#### What you will do
Write the records below out again exactly as given, with no images.

■ ■ ■ ■

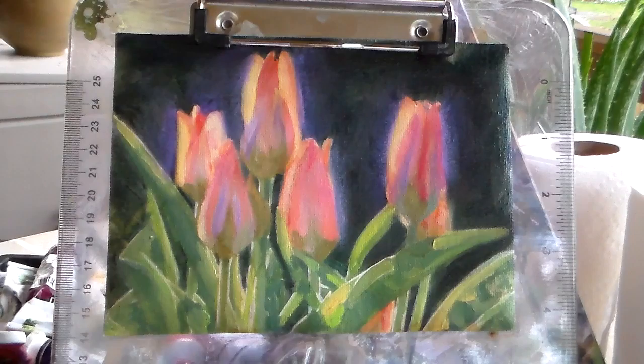We're about to do another painting here, so I'm gonna let you guys go and I will talk to y'all later. Bye!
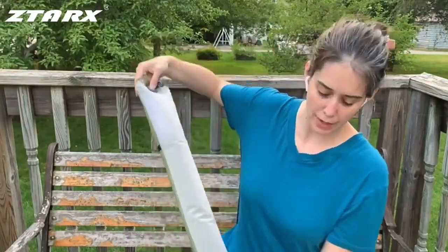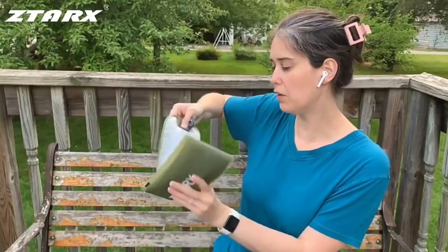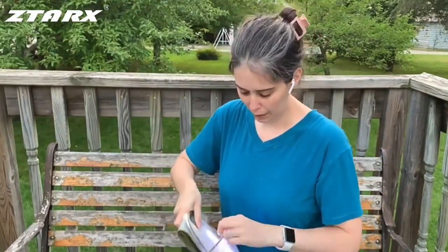I'll show you how quick it is to deflate. Just press that button, and then I'm going to fold it back up in the bag from this direction.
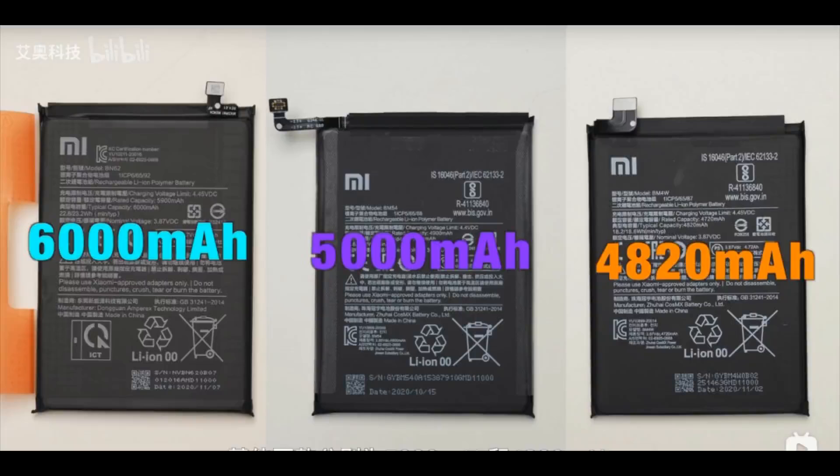Removing the big ribbon cable that separates the bottom and upper part reveals the battery. All of them are protected by adhesives. The batteries on the 4G and two 5G versions are 6000, 5000, and 4820 mAh respectively.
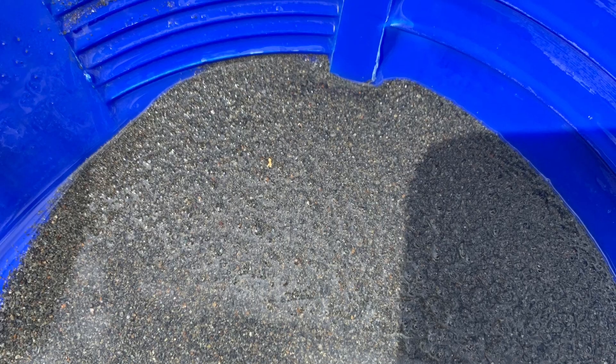Here are the concentrates from the Riverdance mini-jig — I can see a piece of gold already right there in my shadow. There's gold in the tailings, and now we're going to take all of it combined again and run it through the Riverdance mini-jig.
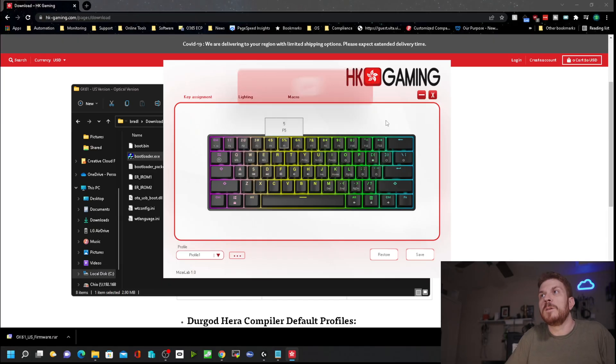Lesson learned: don't use the in-app firmware update — do the update directly using the firmware update utility. Let's see if the keyboard shows up in the software now. There we go!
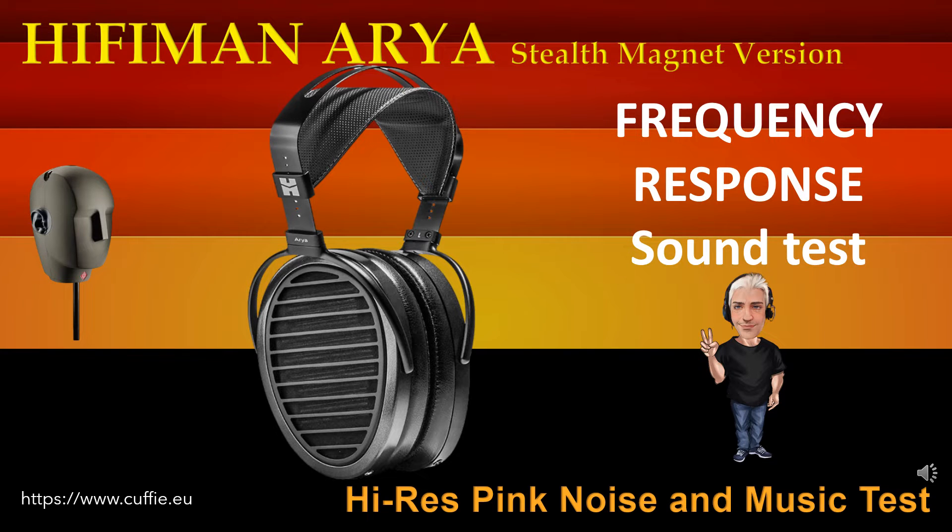This test determines the regularity and linearity of the frequency response by listening. At the beginning there will be the comparison with pink noise, then with musical pieces. Listen and find the difference between the original reference sound and the sound of the headphone. The closer the headphone gets to the original reference sound, the more linear and regular the headphone will be. At each step, the frequency response graph will be displayed.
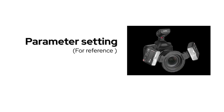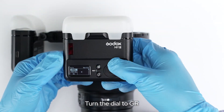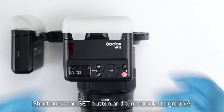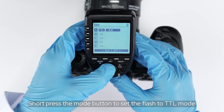Parameter setting: Set the two flashes to group A. Short press the menu button, then turn the dial to GR. Short press the set button and turn the dial to group A. Short press the move button to set the flash to TTL mode.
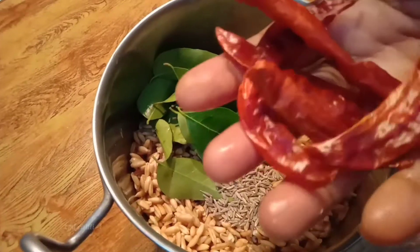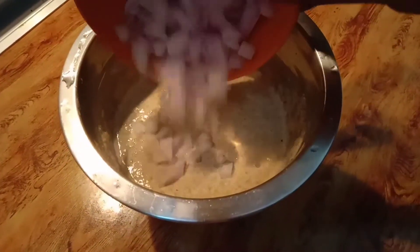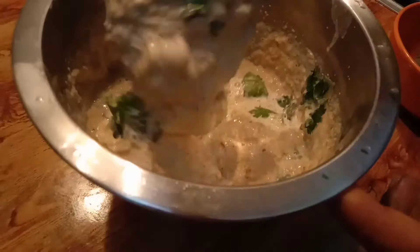We're going to mix the grains in a bowl. We're going to cut the bowl. We're going to make a bowl. 4 to 3 slices of a bowl. Let's make a bowl of a bowl.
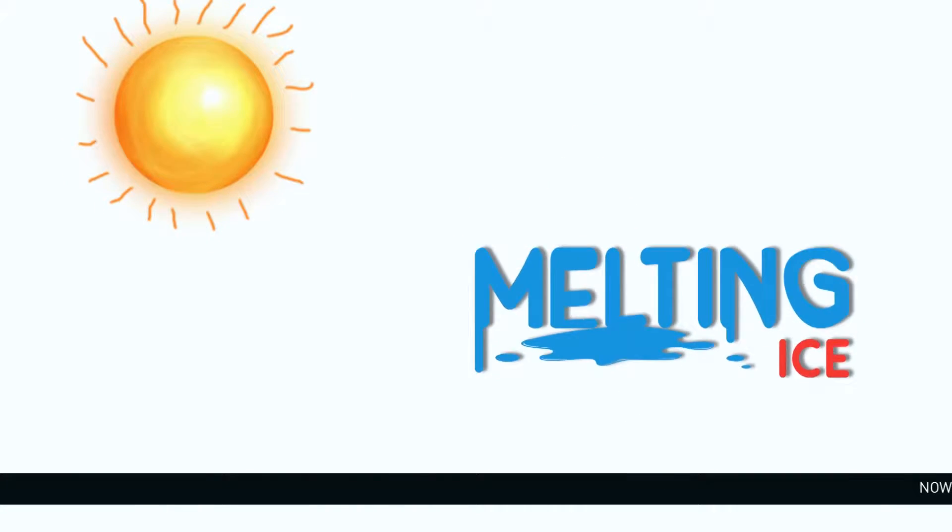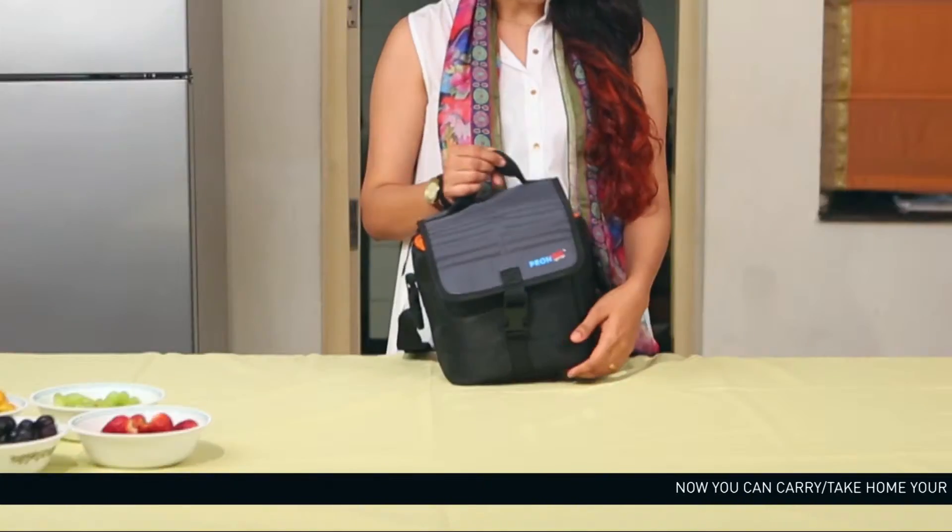Messy bags, melting ice and dripping ice creams are not an issue anymore because now, with your compact and lightweight Prongo, all your frozen delicacies are always ready to go.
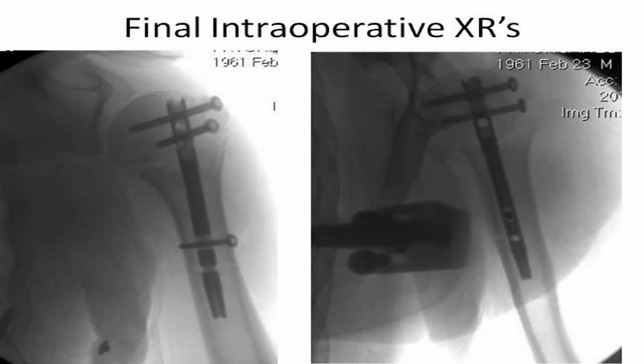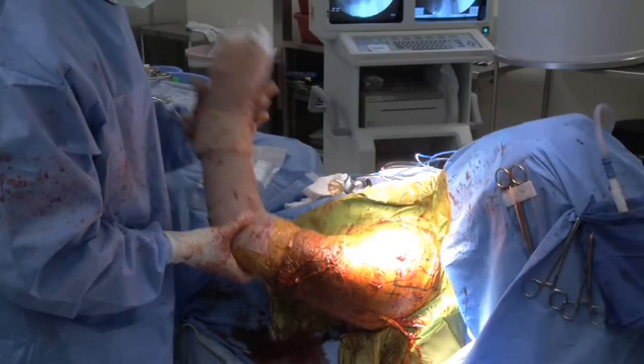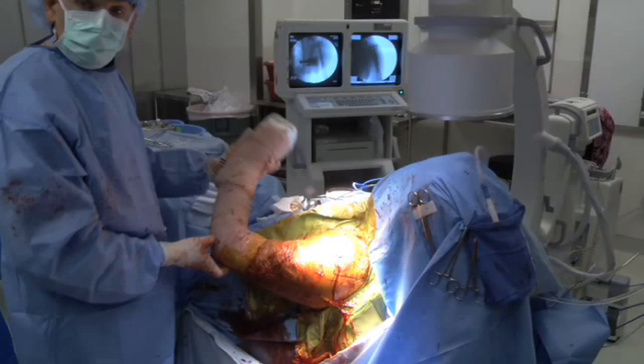The deltoid and coracoacromial ligament are sutured back to the acromion using transosseous absorbable or non-absorbable sutures according to the surgeon's discretion. The final intraoperative range of motion can be assessed before or after closure while the C-arm is present if desired. In this case, the intraoperative range of motion was near full with some limitation of elevation secondary to the drapes. This range of motion assessment can guide limits for passive range of motion exercises, which are usually started immediately postoperatively.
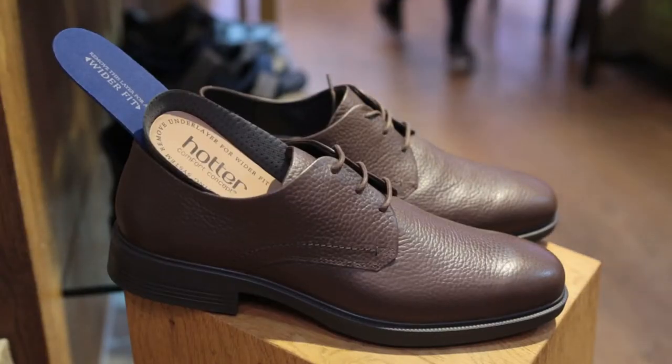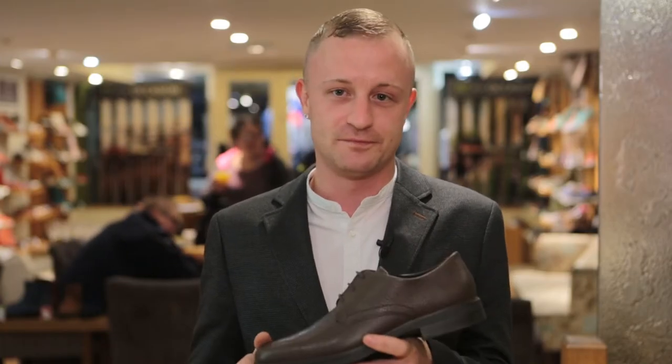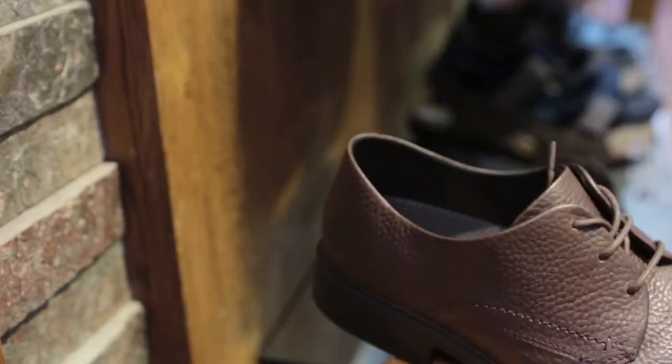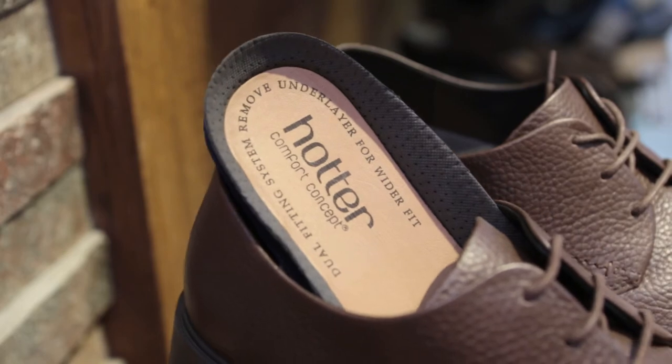It has a great soft upper, it comes in brown and black, and it is really lightweight. It also has a dual fitting, so you can take out one of the inserts — that makes it either a wider fit, or if you need it for the length as well.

■ ■ ■ ■

#### Result for this task
We're about to do another painting here, so I'm gonna let you guys go and I will talk to y'all later. Bye!
I'll show you how quick it is to deflate. Just press that button, and then I'm going to fold it back up in the bag from this direction.
Removing the big ribbon cable that separates the bottom and upper part reveals the battery. All of them are protected by adhesives. The batteries on the 4G and two 5G versions are 6000, 5000, and 4820 mAh respectively.
Here are the concentrates from the Riverdance mini-jig — I can see a piece of gold already right there in my shadow. There's gold in the tailings, and now we're going to take all of it combined again and run it through the Riverdance mini-jig.
Lesson learned: don't use the in-app firmware update — do the update directly using the firmware update utility. Let's see if the keyboard shows up in the software now. There we go!
This test determines the regularity and linearity of the frequency response by listening. At the beginning there will be the comparison with pink noise, then with musical pieces. Listen and find the difference between the original reference sound and the sound of the headphone. The closer the headphone gets to the original reference sound, the more linear and regular the headphone will be. At each step, the frequency response graph will be displayed.
Parameter setting: Set the two flashes to group A. Short press the menu button, then turn the dial to GR. Short press the set button and turn the dial to group A. Short press the move button to set the flash to TTL mode.
We're going to mix the grains in a bowl. We're going to cut the bowl. We're going to make a bowl. 4 to 3 slices of a bowl. Let's make a bowl of a bowl.
Messy bags, melting ice and dripping ice creams are not an issue anymore because now, with your compact and lightweight Prongo, all your frozen delicacies are always ready to go.
The deltoid and coracoacromial ligament are sutured back to the acromion using transosseous absorbable or non-absorbable sutures according to the surgeon's discretion. The final intraoperative range of motion can be assessed before or after closure while the C-arm is present if desired. In this case, the intraoperative range of motion was near full with some limitation of elevation secondary to the drapes. This range of motion assessment can guide limits for passive range of motion exercises, which are usually started immediately postoperatively.
It has a great soft upper, it comes in brown and black, and it is really lightweight. It also has a dual fitting, so you can take out one of the inserts — that makes it either a wider fit, or if you need it for the length as well.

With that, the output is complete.